How Does Board-Shareholder Engagement Really Work? Evidence from a Survey of Corporate Officers and from Disclosure Data

Board-Shareholder Dialogue Policy Debate, Legal Constraints and Best Practices, 2024
Giovanni Strampelli; Matteo Gatti; Matteo Tonello
Abstract

Shareholder engagement plays an important role in corporate governance. In the last decade, investors have increasingly influenced business decisions and their activities have extended beyond the formal submission of shareholder resolutions for voting at annual meetings. On their part, directors and managers have kept an open channel of communication. Yet, much of board-shareholder engagement consists of private interactions and, as a result, very few details about it are reported.

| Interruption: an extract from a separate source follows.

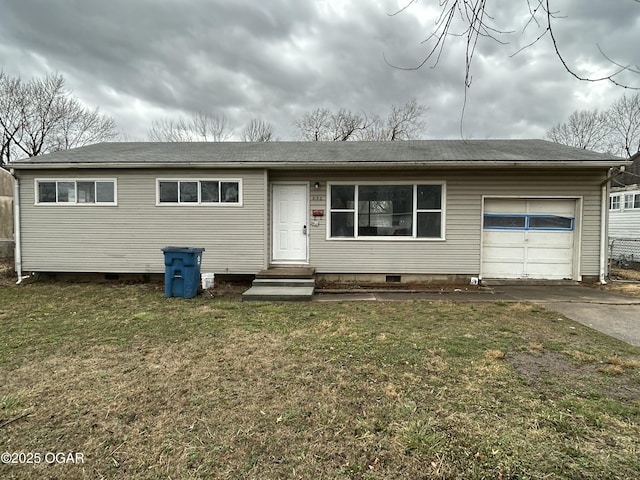 ranch-style house featuring a garage, driveway, entry steps, crawl space, and a front lawn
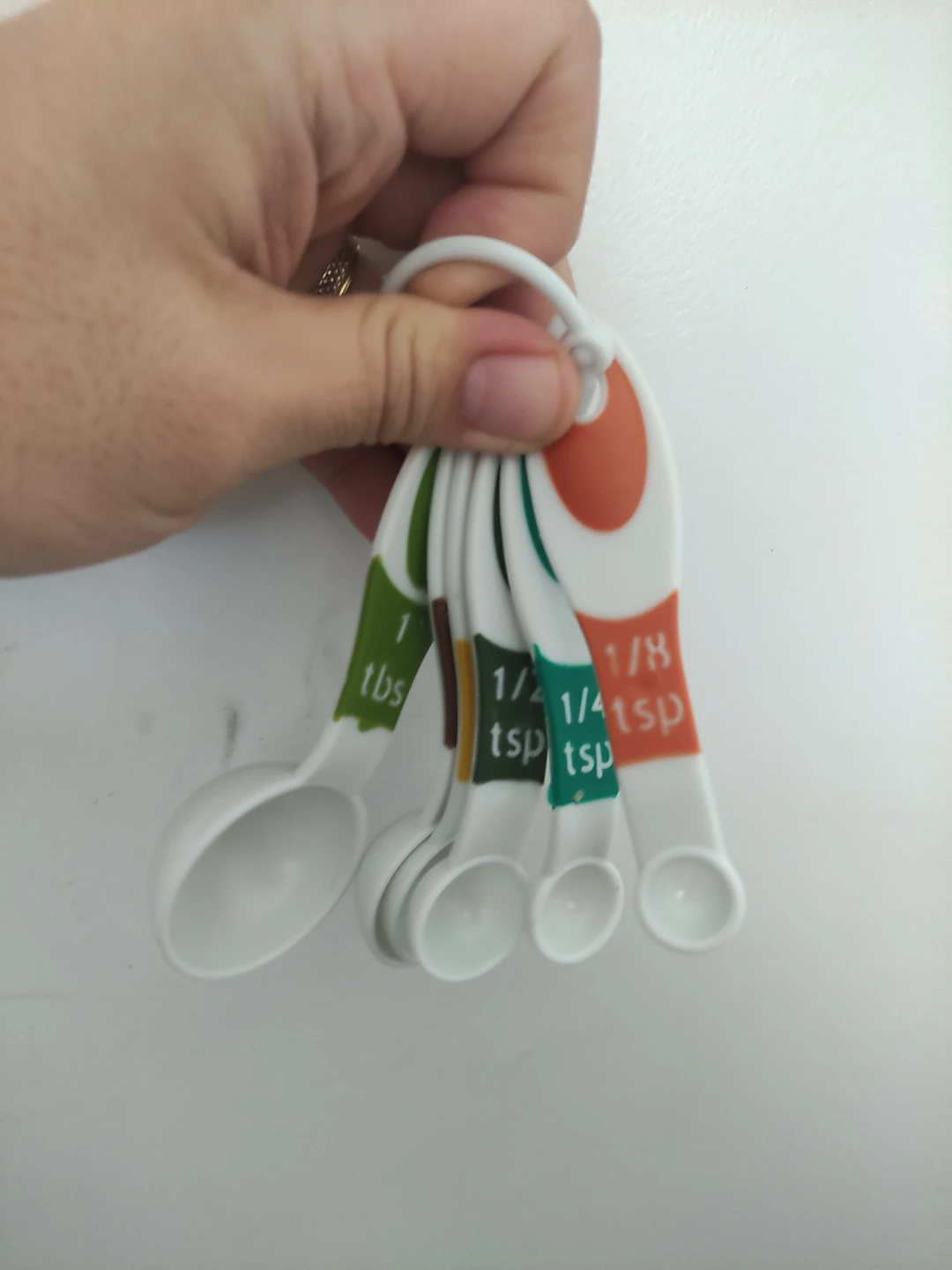 Set of multi-coloured plastic measuring spoons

This Chapter sheds light on closed-door board-shareholder engagement with a survey of SEC-registered corporations. The survey was circulated among corporate secretaries, general counsel, and investor relations officers, and prompted 171 responses. We also review and analyze data on corporate-shareholder engagement from disclosures by Russell 3000 and S&P 500 companies. Among other things, our investigation found that shareholder engagement is more commonly practiced at large and mid-sized companies than smaller organizations. While engagement primarily occurs with large asset managers (including the Big Three) at large corporations, it is frequently used in somewhat confrontational ways, especially by hedge funds at smaller corporations. Engagement pertains to a wide array of topics, with emphasis on executives’ incentive plan design (including the use of ESG performance metrics), GHG emission and energy consumption reduction strategies, workforce diversity and pay equity, and political spending. We found that engagement is consequential, often leading to changes in corporate practices, withdrawal of shareholder proposals, changes in the proxy vote previously announced, and inclusion in the management slate of a director nominee proposed by the engaged shareholder.